Even without an increased risk of earthquakes, supercritical geothermal wells have other drawbacks. Reservoirs of supercritical fluids appear to be somewhat rare, which limits their usefulness in transitioning the world to geothermal energy. And the fluids themselves wreak havoc on boreholes by destroying their liners and concrete plugs. “The fluids are very corrosive and dissolve a lot of stuff out of the rock that you need to deal with,” says Susan Petty, president of Hot Rock Energy Research Organization and cofounder of the geothermal company Alta Rock Energy. “It’s scary stuff.”
Instead, Petty advocates for building so-called “enhanced geothermal systems” that aren’t dependent on naturally-existing reservoirs of geothermal fluids. These types of wells drill deep into dry, hot rock and inject water from the surface. The water heats up to near-supercritical temperatures and is pumped back to the surface to spin turbine generators. It’s a technique borrowed from the oil and gas industry that promises to free geothermal energy from its dependence on natural hot-water reservoirs.
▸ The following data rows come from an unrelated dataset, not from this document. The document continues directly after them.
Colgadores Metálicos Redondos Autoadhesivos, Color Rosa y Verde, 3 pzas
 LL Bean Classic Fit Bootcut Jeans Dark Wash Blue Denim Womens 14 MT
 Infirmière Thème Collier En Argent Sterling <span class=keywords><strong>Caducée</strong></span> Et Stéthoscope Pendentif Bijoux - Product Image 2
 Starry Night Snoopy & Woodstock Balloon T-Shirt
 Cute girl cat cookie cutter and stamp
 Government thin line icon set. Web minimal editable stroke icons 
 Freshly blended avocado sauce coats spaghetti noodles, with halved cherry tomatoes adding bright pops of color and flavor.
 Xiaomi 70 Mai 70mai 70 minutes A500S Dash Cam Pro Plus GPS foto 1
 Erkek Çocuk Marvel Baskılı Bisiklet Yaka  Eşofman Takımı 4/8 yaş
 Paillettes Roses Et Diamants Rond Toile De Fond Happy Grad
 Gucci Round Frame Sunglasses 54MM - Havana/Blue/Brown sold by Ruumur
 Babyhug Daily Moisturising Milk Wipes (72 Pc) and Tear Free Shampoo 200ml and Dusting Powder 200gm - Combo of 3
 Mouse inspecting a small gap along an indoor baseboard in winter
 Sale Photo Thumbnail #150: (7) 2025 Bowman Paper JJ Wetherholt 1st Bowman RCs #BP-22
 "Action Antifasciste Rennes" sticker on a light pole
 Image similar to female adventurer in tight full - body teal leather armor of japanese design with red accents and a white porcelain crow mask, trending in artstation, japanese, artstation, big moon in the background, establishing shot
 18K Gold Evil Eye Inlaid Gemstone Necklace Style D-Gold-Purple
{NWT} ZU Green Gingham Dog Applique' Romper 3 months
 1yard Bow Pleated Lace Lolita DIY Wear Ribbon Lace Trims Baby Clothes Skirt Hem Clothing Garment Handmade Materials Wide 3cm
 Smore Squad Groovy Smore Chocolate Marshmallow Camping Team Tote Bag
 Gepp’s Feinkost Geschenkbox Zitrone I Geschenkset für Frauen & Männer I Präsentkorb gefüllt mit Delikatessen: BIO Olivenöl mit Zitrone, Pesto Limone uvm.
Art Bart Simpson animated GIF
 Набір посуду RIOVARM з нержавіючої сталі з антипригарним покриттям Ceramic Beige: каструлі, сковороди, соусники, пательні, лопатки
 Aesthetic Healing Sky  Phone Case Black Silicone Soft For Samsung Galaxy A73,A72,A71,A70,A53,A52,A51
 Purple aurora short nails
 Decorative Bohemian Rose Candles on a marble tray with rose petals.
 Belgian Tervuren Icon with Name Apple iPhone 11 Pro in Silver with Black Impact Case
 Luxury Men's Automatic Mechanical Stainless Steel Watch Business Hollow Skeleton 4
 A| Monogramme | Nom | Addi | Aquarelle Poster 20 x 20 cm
If you drill deep enough, enhanced geothermal systems can be used almost anywhere.
The challenges of finding and reaching deep pockets of hot water and steam have limited geothermal electricity adoption around the globe. But if geothermal energy wasn’t limited to locations selected by nature, Petty calculates that it could provide an inexhaustible source of always-on, carbon-free electricity for the vast majority of the world.
But like supercritical wells, enhanced geothermal systems have been beset by technical challenges and fears of massive earthquakes. Both the Basel and Korean earthquakes involved enhanced geothermal wells. Whether this is a risk inherent to the technology or the choice of drilling location is an open question. Still, the enhanced geothermal concept has been slow to catch on. In the US, companies like Alta Rock Energy have struggled to attract funding for their capital-intensive projects, which receive a fraction of the federal subsidies allocated for wind and solar energy. As a new technology lacking much of a track record, enhanced geothermal systems also carry substantially more risk for investors.
“Geothermal suffers from a bit of a marketing problem,” says Jeffrey Bielicki, leader of the Energy Sustainability Research Laboratory at Ohio State University. “Even though it has a lot of beneficial characteristics, when people say ‘renewable energy’ they’re usually referring to wind and solar.”
Earlier this month, the US Department of Energy announced $25 million in research funding that will be deployed at Forge, its dedicated geothermal test site. It’s a start, but geothermal energy systems still have a long way to go before they hit a power grid near you.